Dead body politics—yes, that’s right, the politics of which bodies are counted and how—directly shape policy. U.S. policy, for example, on drone strikes counts the number of civilian casualties differently than watchdogs do, leading to divergent claims about the success (or failure) of drone strikes. The lack of transparency in U.S. drone policy has been a persistent issue for watchdog agencies, as well as individuals like this Army chaplain, who resigned over what he called the executive branch’s claim to “the right to kill anyone, anywhere on Earth, at any time, for secret reasons, based on secret evidence, in a secret process, undertaken by unidentified officials.” Stimson Center produced a report card grading progress on U.S. drone policy this past February to offer insights into how well the Obama administration has taken up the recommendations of the Stimson Task Force on Drone Policy. As this researcher points out, success is defined relatively—depending on the timeline and effects of interest.
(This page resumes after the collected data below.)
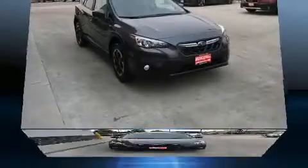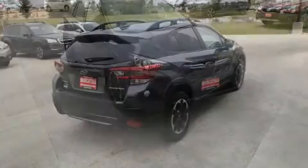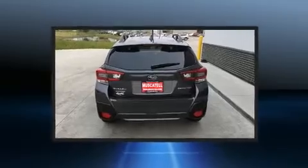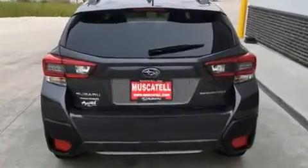It's equipped with tons of terrific amenities, but it won't break your budget. Like heated seats, a rear window wiper, adjustable headrests in all seating positions, a trip computer, heated door mirrors, and a split folding rear seat.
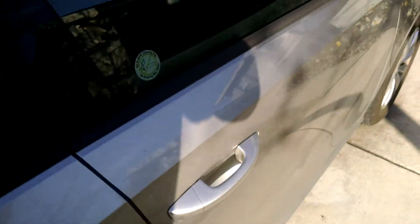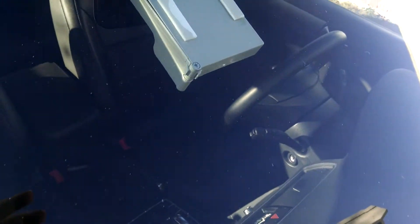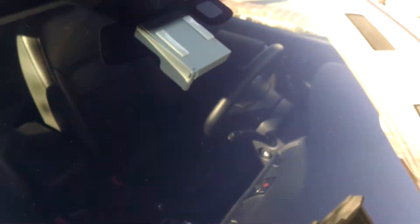On a windshield replacement, there's an option with a rain sensor. I wanted to show you the rain sensor. That square is going to be right here. It detects if there's water actually on the windshield itself — it will turn on the wipers automatically.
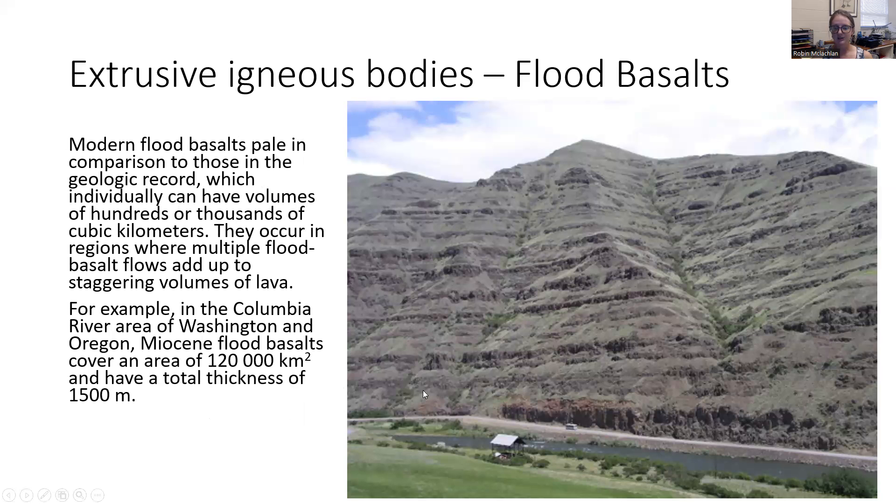You can see in this picture every single layer is a different flood basalt, creating this huge amount of basalt that built up over time. Compare the little bus and the little picnic shelter down there for scale. The Columbia River Gorge flood basalts cover 120,000 square kilometers and have a thickness of one and a half kilometers.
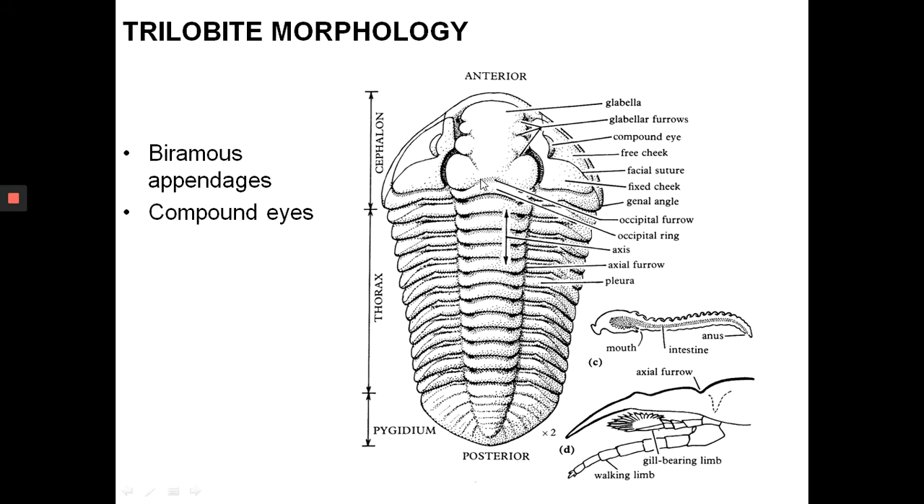You have the cephalon, then lots of segments for the thorax, and the pygidium at the back. The nose-like structure in the middle — the glabella — did not store the brain but actually stored the stomach. Also note the facial suture, a line that cuts through the eyes. Like all arthropods, trilobites grow through molting, and when they moult, this suture line breaks apart. That's why the facial suture is important.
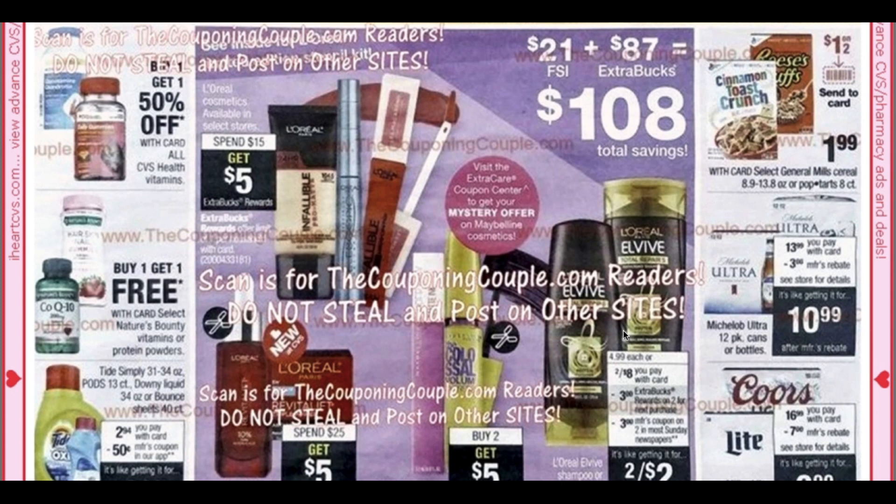We have L'Vive two for $8, buy two get a $3 ExtraBuck. And then we're getting a $3 off two coupon, so those will be two for $2. Now a big heads up — there are more hair care deals. If you have a $3 off of 12 hair care CRT, there are awesome scenarios. Check your CVS app for some app-only L'Vive coupons. I got a 50-cent on shampoo and a 50-cent app-only coupon on conditioner.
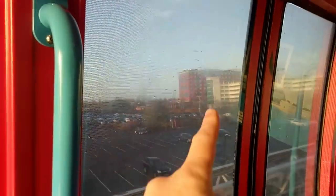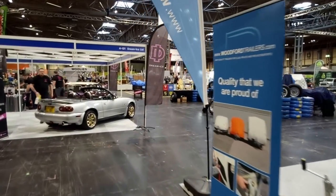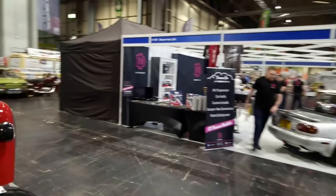Welcome to day two. That's my hotel over there — very grateful to Kelty Media. Let day two begin. Welcome to day two at the NEC Classic Motor Show.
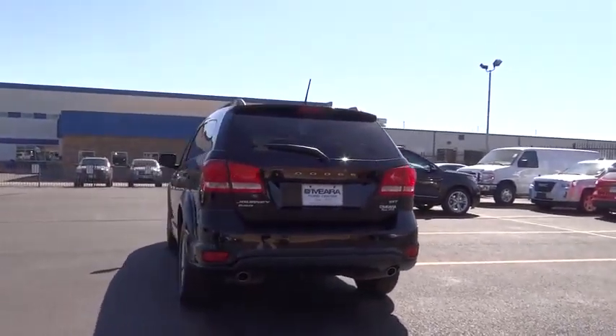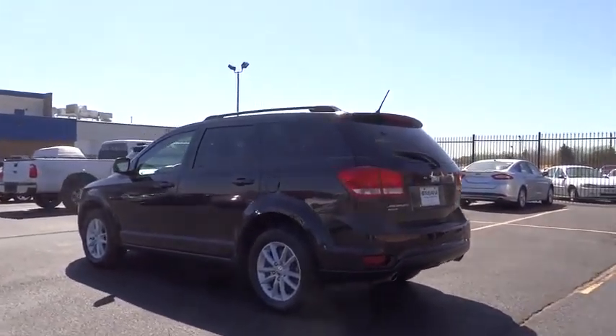This vehicle has less than 35,000 miles. Here are some of this vehicle's great options.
Help combat your inner p-value demons with this new article from the European Journal of Epidemiology, which offers an explanatory list of 25 misinterpretations of P values, confidence intervals, and power.
Peer-reviewed, open access journals offer the potential for more widespread readership and research dissemination. But are they all alike? As Timothy Rich demonstrates, some masquerade as legitimate but don’t provide the scrutiny one would expect from a peer-reviewed publication. Read here to find out how Rich brought “sexy back” to test the credibility of the Review of History and Political Science. Such open access journals, might, however, be the best way to spread your research insights directly to policymakers—since many political leaders and civil servants have no access to academic journals.